Coming out of a low-fat vegan diet can be tricky. If you don’t plan it well and take into account the additional calories and fat you are putting back into your diet, you could gain a lot more weight than anticipated. Also, jumping right in to eating meat, dairy products and eggs could make you sick if you haven’t had them in a long time.
Going back to an omnivorous diet will be a major lifestyle change. Incorporating meat, dairy products and eggs back into your diet will take some time because your body will need to adjust to digesting these foods again. If you are careful in choosing which foods to begin eating again, and how much, you should be able to get back into an omnivorous diet with relative ease.
If you’ve been a vegan for several months or years, you don’t want to run out right now and enjoy a big steak dinner. Your body needs some time to adjust to the changes you are making.
Start with adding diary products into your diet. Unless you are lactose intolerant, dairy products will likely be the easiest for your body to digest.

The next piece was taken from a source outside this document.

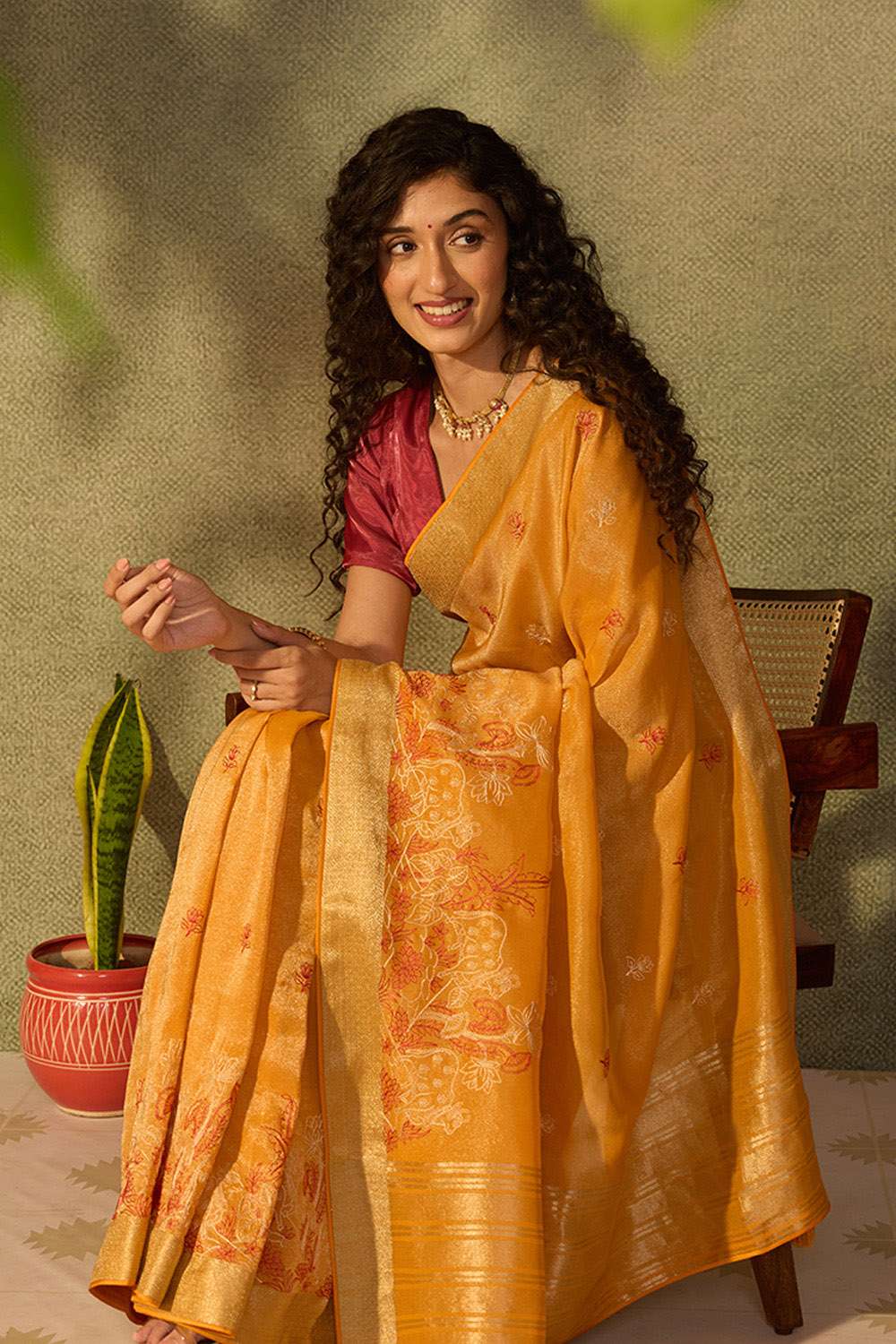 Orange Viscose Tissue Embroidered Saree image number null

Start with drinking a glass of milk in the mornings or adding it to your cereal. You could start eating yogurt with your lunch or have string cheese as a midday snack.
After you feel your body is comfortable with the dairy products, you can begin incorporating eggs and meat. Again, take it slowly.
Calorie and Fat Count
Because you want to maintain your weight or even continue to lose weight, you will want to make sure you are not adding too many calories to your daily intake. You still want to remain healthy, so continue to check the calories, fat content and sugar content of the foods you choose to eat.
Here are some of your options:
- The 1 percent or non-fat milk will not only keep the fat content down, but also make it easier for your body to digest.
- Check yogurt labels and make sure you are getting low-fat and low-sugar ones. Those tasty whipped yogurts have about 40 grams of sugar in them, which will turn into stored energy quickly.
- White cheeses are lower in fat than yellow cheeses. Goat cheese is lower in fat and calories than cow’s milk cheese. There are also many reduced-fat cheeses on the market that you can use in your dishes.
- Use egg whites for cooking and baking.
- Be diligent in your search for lower-fat meats. Fish, chicken and turkey are good choices, but you can also locate many low-fat options for pork and beef. Check the meat to be sure that most of the fat has been trimmed. Baking or grilling meats, rather than frying them, and draining excess fat after cooking will help keep the fat levels down as well.
Coming out of a vegan diet doesn’t have to be difficult. Continue to make meal plans and be sure to take added calories and fat into account when you are making your plans. Soon you will be able to incorporate dairy products, eggs and meat back into your diet and remain healthy as well.